**What you need to do**
Leave the images out, and copy each of the records below exactly.

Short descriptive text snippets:

§ §

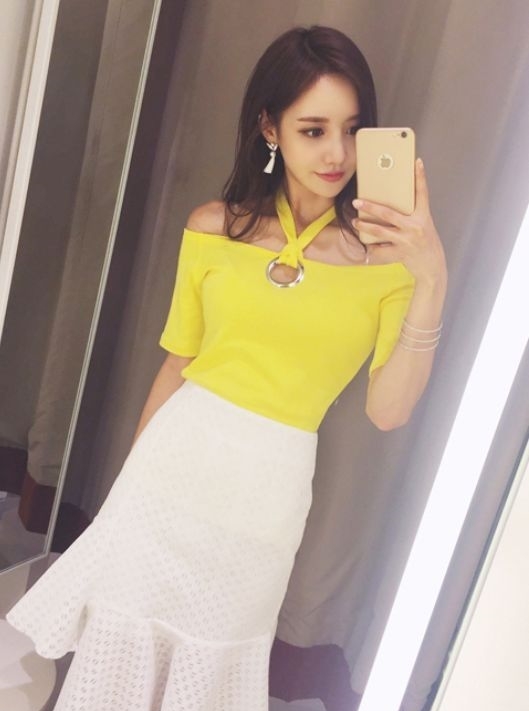  「美女」身形有致的紧身裙美女，显得高挑靓丽，养眼又上镜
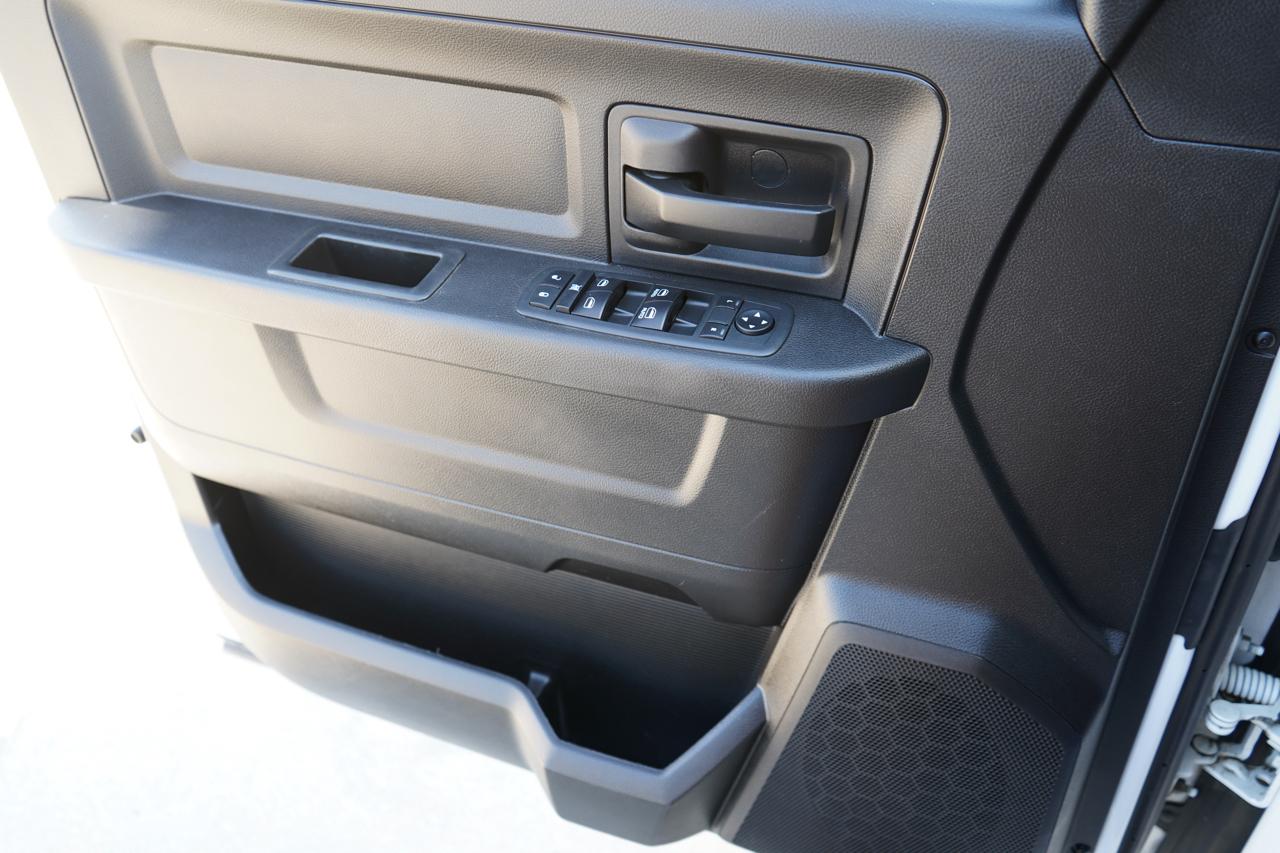 RAM 2500 Tradesman 4x4 Crew Cab 6'4" Box 2018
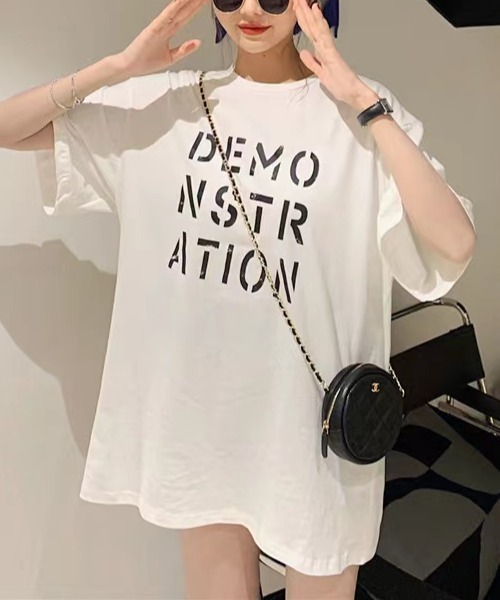 Sibra(シブラ)の「オーバーサイズTシャツ(Tシャツ/カットソー・レディース・ホワイト/ブラック/オレンジ/ブルー/ピンク・M)」の2枚目の写真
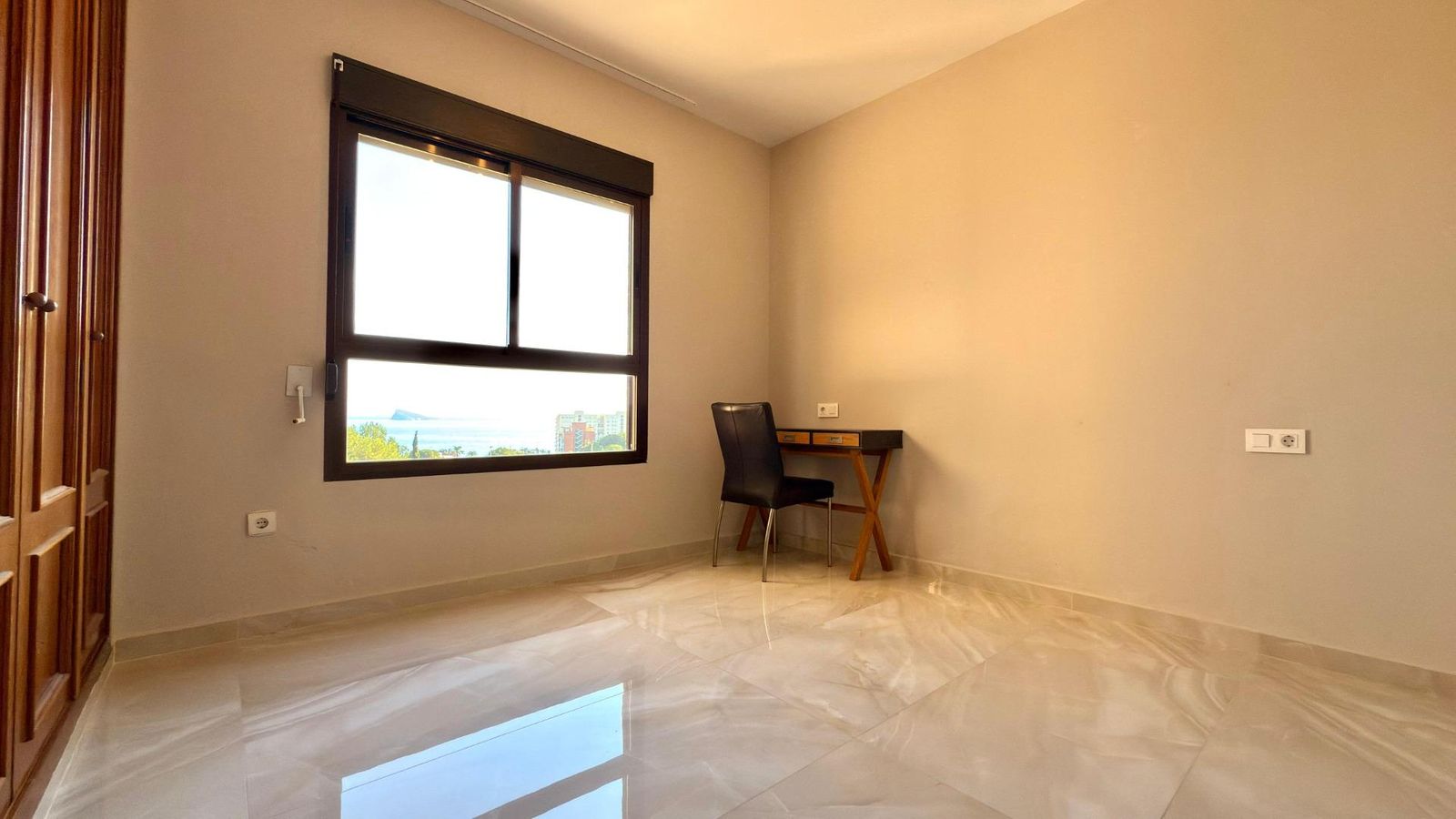 4 Bed شقة في الطابق الأوسط in Benidorm في Benidorm, Apartment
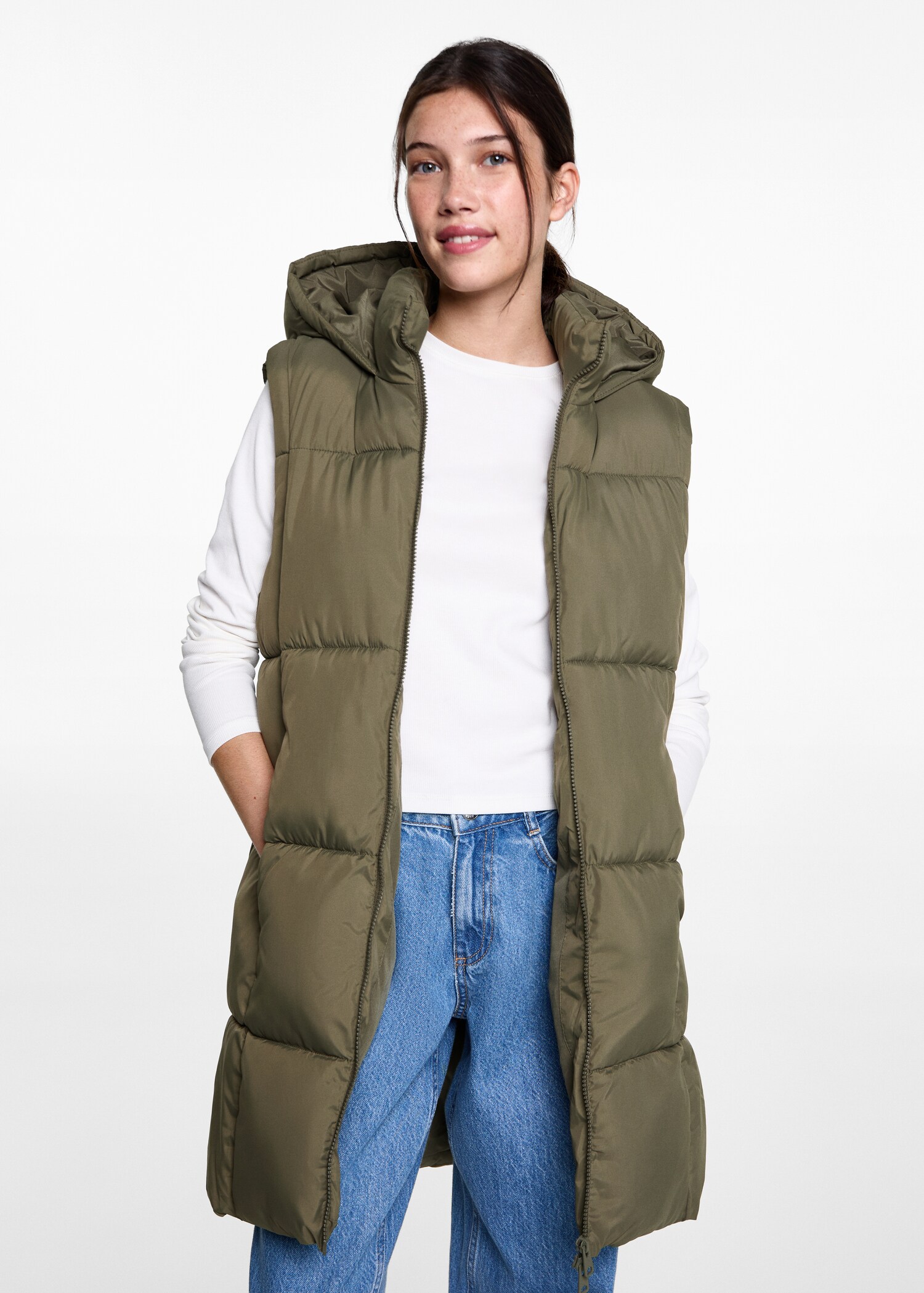 Gilet matelassé à capuche - Plan moyen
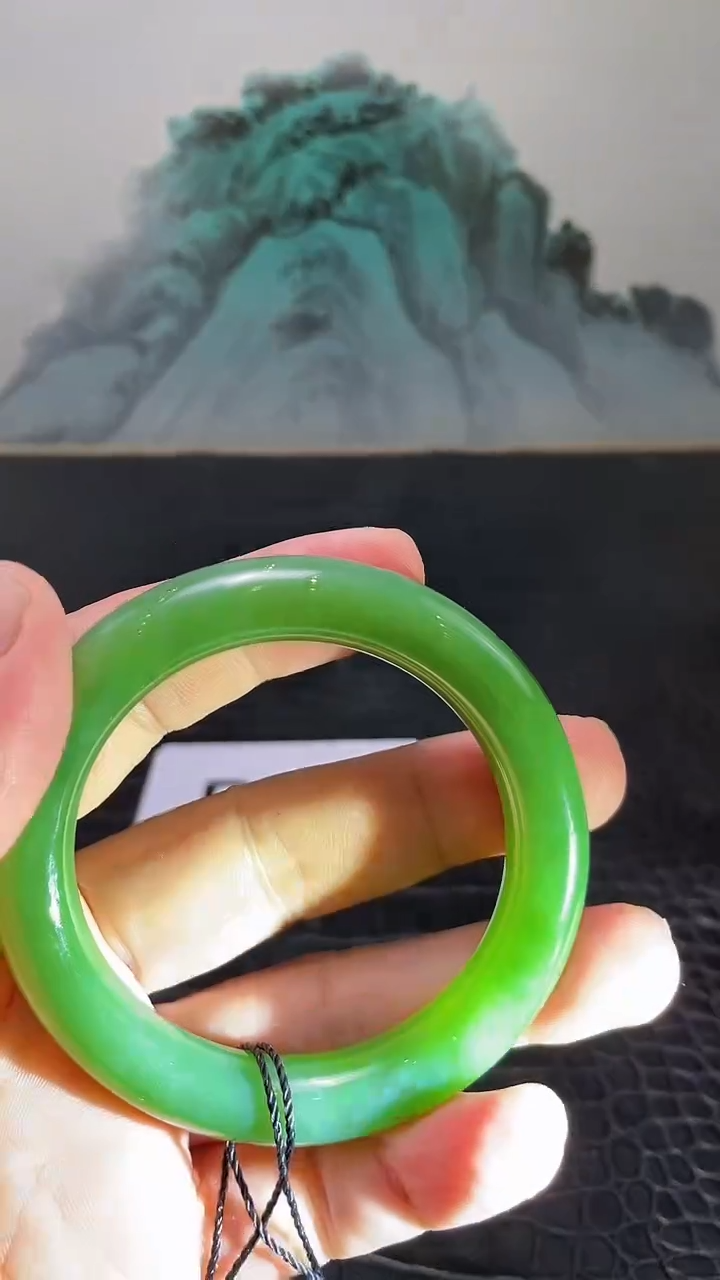 和田玉（碧玉）手镯未镶嵌一个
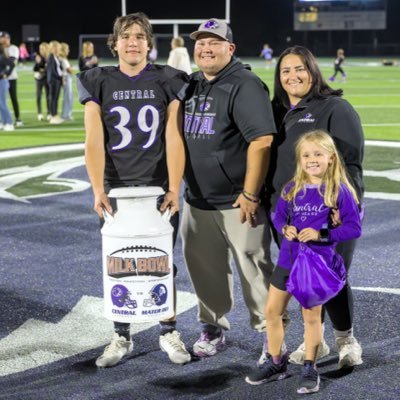 STLmellow's profile picture. 40, Husband, Dad, Father Figure, Coach, Correctional Counselor, #1 fan of Ember, Login, Emily, and Ella—#RollCougs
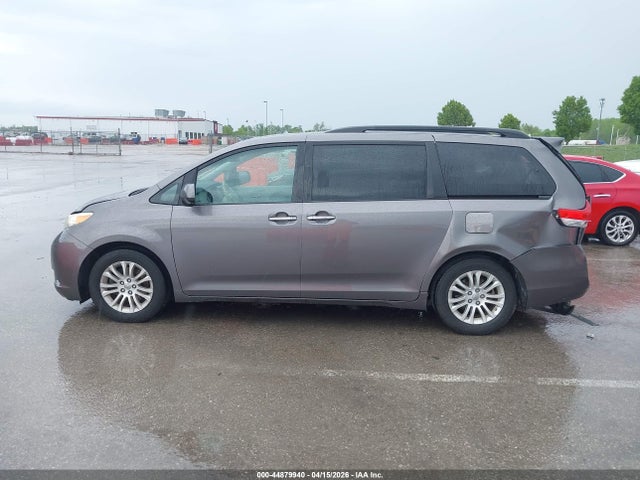 2011 Toyota Sienna Xle V6 მანქანა იყიდება აუქციონზე, vin: 5TDYK3DC6BS169300, აუქციონის ნომერი: 44879940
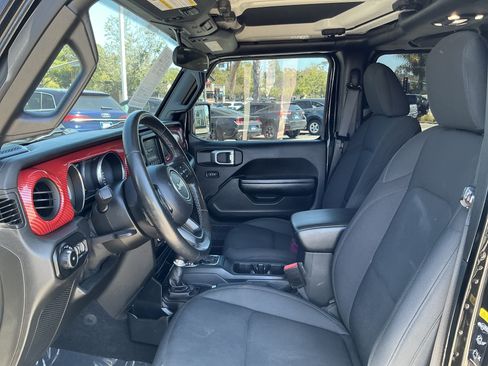 Used 2021 Jeep Wrangler Unlimited Sport AWD/4WD image 14
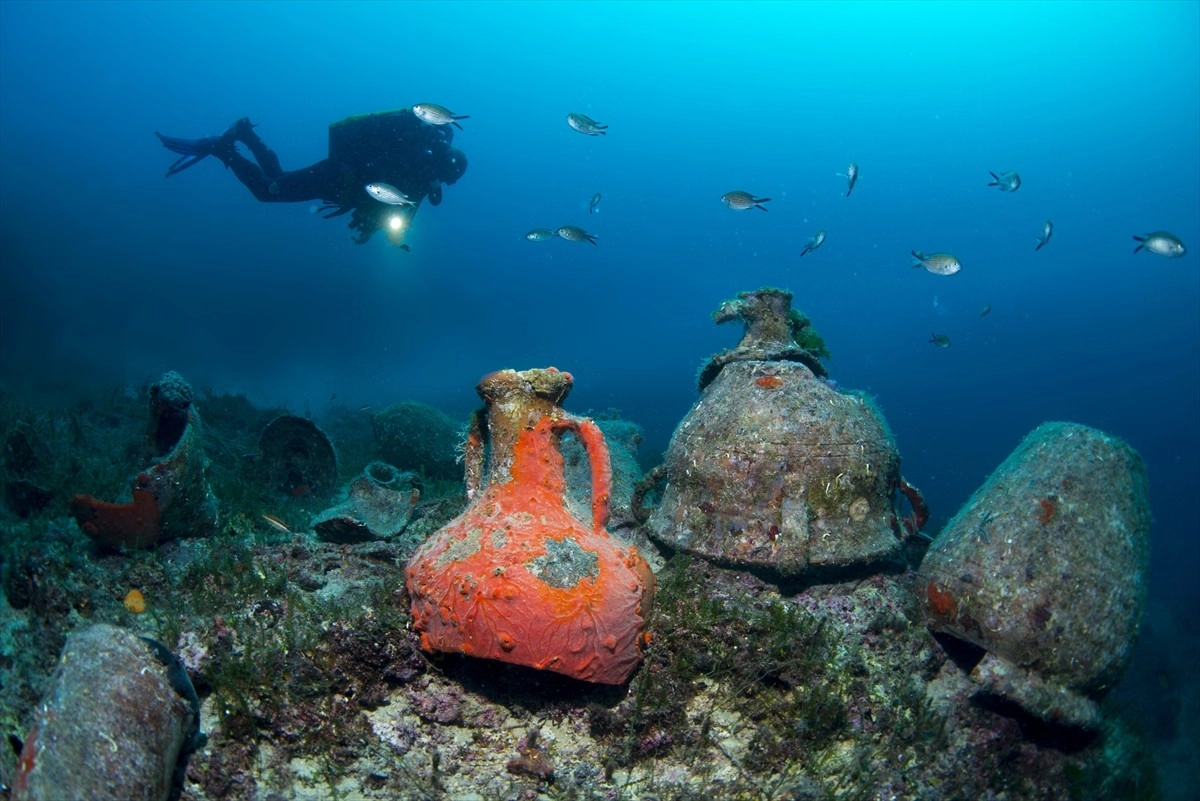 Çeşme’nin Sualtı Cenneti Keşfedilmeyi Bekliyor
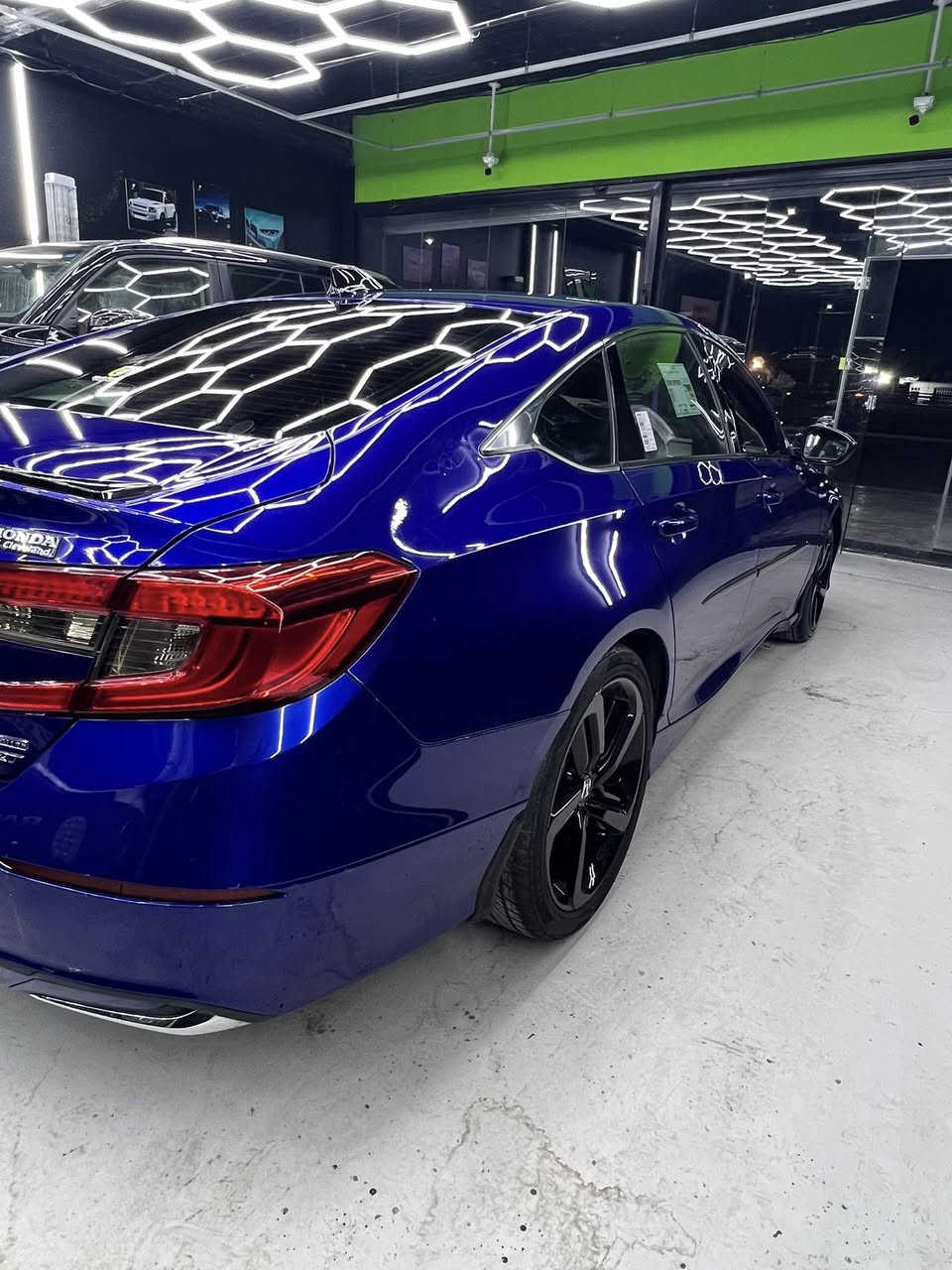 السلام عليكم 

…للبيع هوندا اكورد هايبرد موديل2022فئة السبورت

§ §

**Response to the task**
  「美女」身形有致的紧身裙美女，显得高挑靓丽，养眼又上镜
 RAM 2500 Tradesman 4x4 Crew Cab 6'4" Box 2018
 Sibra(シブラ)の「オーバーサイズTシャツ(Tシャツ/カットソー・レディース・ホワイト/ブラック/オレンジ/ブルー/ピンク・M)」の2枚目の写真
 4 Bed شقة في الطابق الأوسط in Benidorm في Benidorm, Apartment
 Gilet matelassé à capuche - Plan moyen
 和田玉（碧玉）手镯未镶嵌一个
 STLmellow's profile picture. 40, Husband, Dad, Father Figure, Coach, Correctional Counselor, #1 fan of Ember, Login, Emily, and Ella—#RollCougs
 2011 Toyota Sienna Xle V6 მანქანა იყიდება აუქციონზე, vin: 5TDYK3DC6BS169300, აუქციონის ნომერი: 44879940
 Used 2021 Jeep Wrangler Unlimited Sport AWD/4WD image 14
 Çeşme’nin Sualtı Cenneti Keşfedilmeyi Bekliyor
 السلام عليكم 

…للبيع هوندا اكورد هايبرد موديل2022فئة السبورت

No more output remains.